══ GIVEN ENTRIES ══
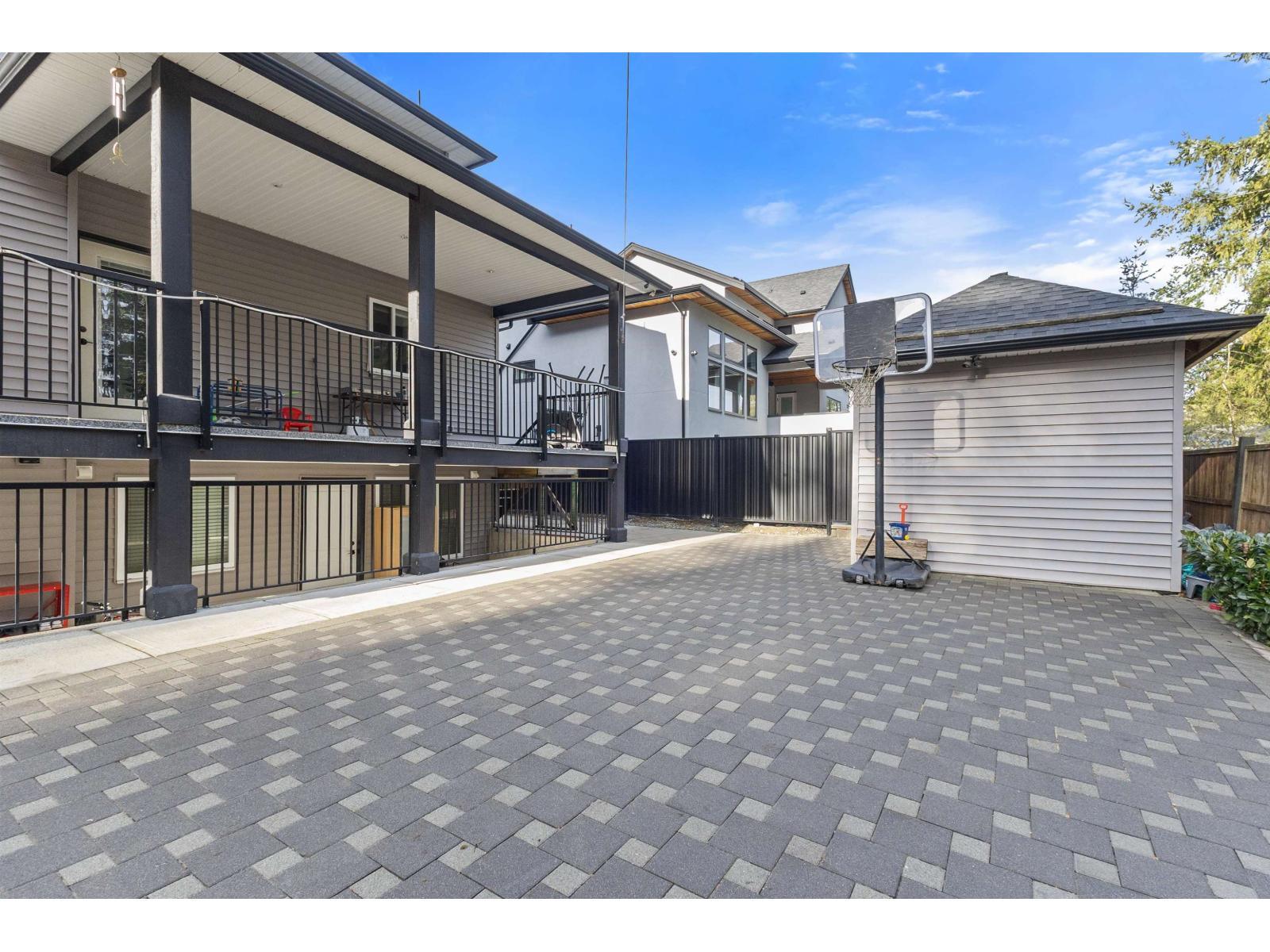 2018 Vinewood Street, Abbotsford, British Columbia  V2S 3H2 - Photo 38 - R3082763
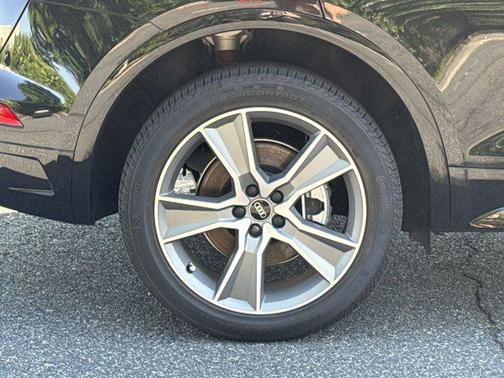 2025 Audi Q5 45 S line Premium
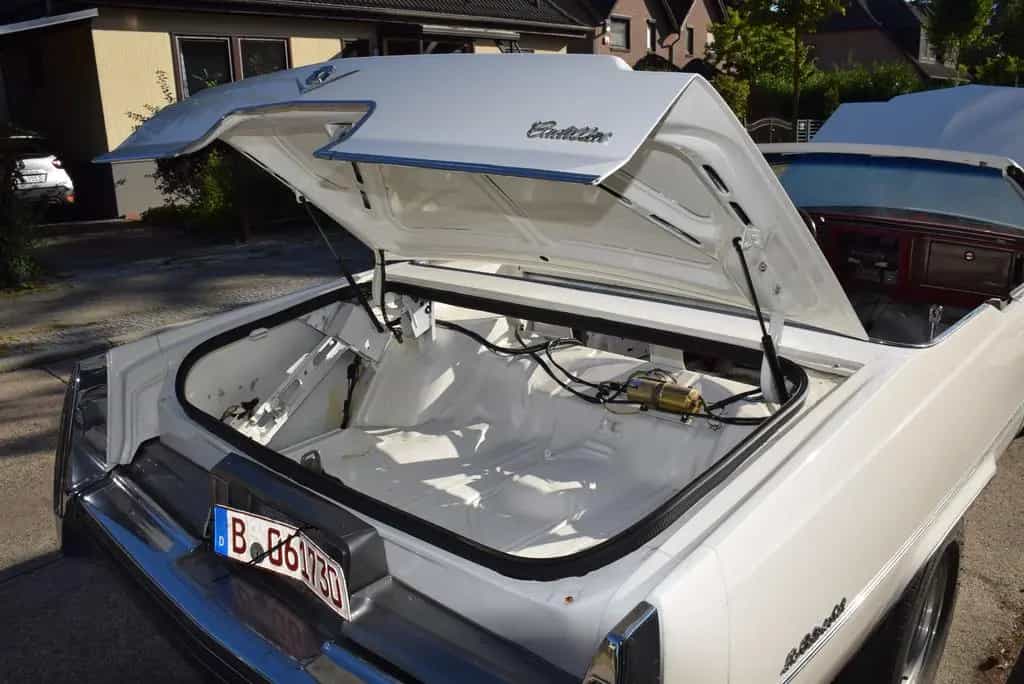 Cadillac Deville Cabrio restauriert Automatik Klima 06/1979-photo-9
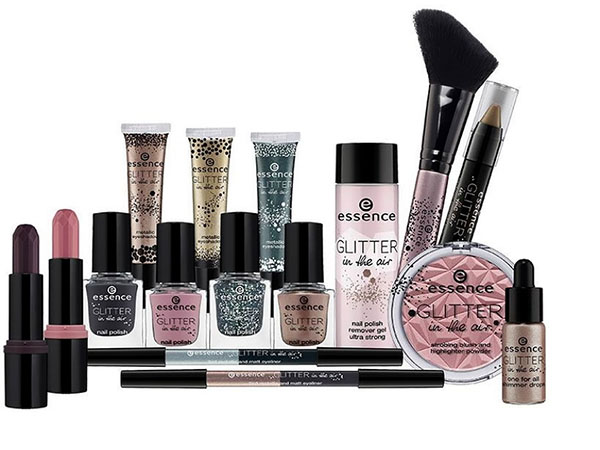 Više sjaj: ukrasna zbirka Essence Glitter u zraku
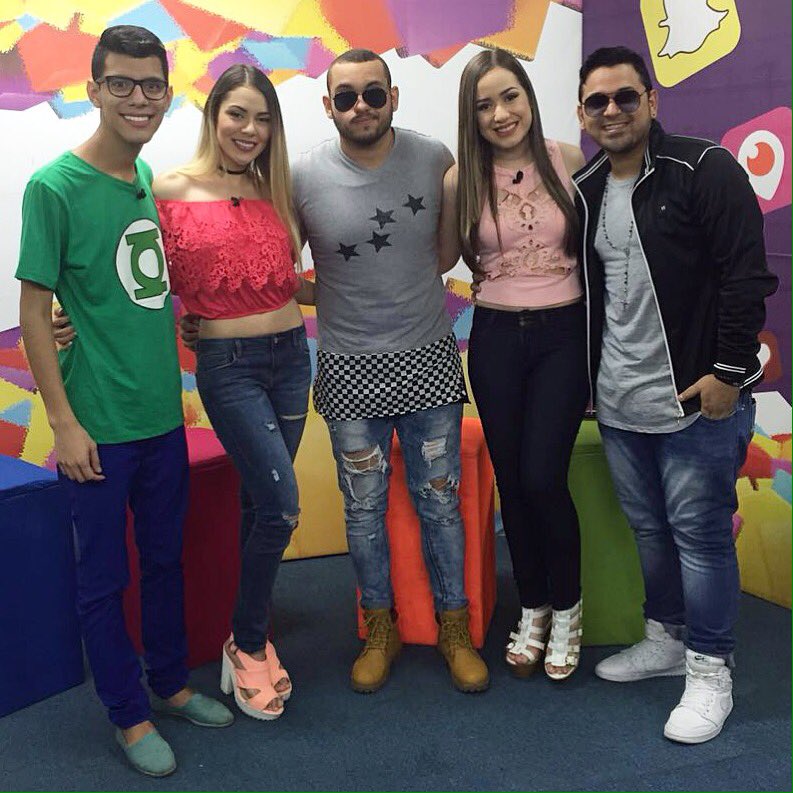 AlocadosTv's tweet photo. #InvitadosEnAlocados ❤️🎶 https://t.co/KT8vxoVqls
═══
» TASK ITEM
Your copy should match the entries above exactly and contain no pictures.

» ANSWER TO THE PROBLEM
 2018 Vinewood Street, Abbotsford, British Columbia  V2S 3H2 - Photo 38 - R3082763
 2025 Audi Q5 45 S line Premium
 Cadillac Deville Cabrio restauriert Automatik Klima 06/1979-photo-9
 Više sjaj: ukrasna zbirka Essence Glitter u zraku
 AlocadosTv's tweet photo. #InvitadosEnAlocados ❤️🎶 https://t.co/KT8vxoVqls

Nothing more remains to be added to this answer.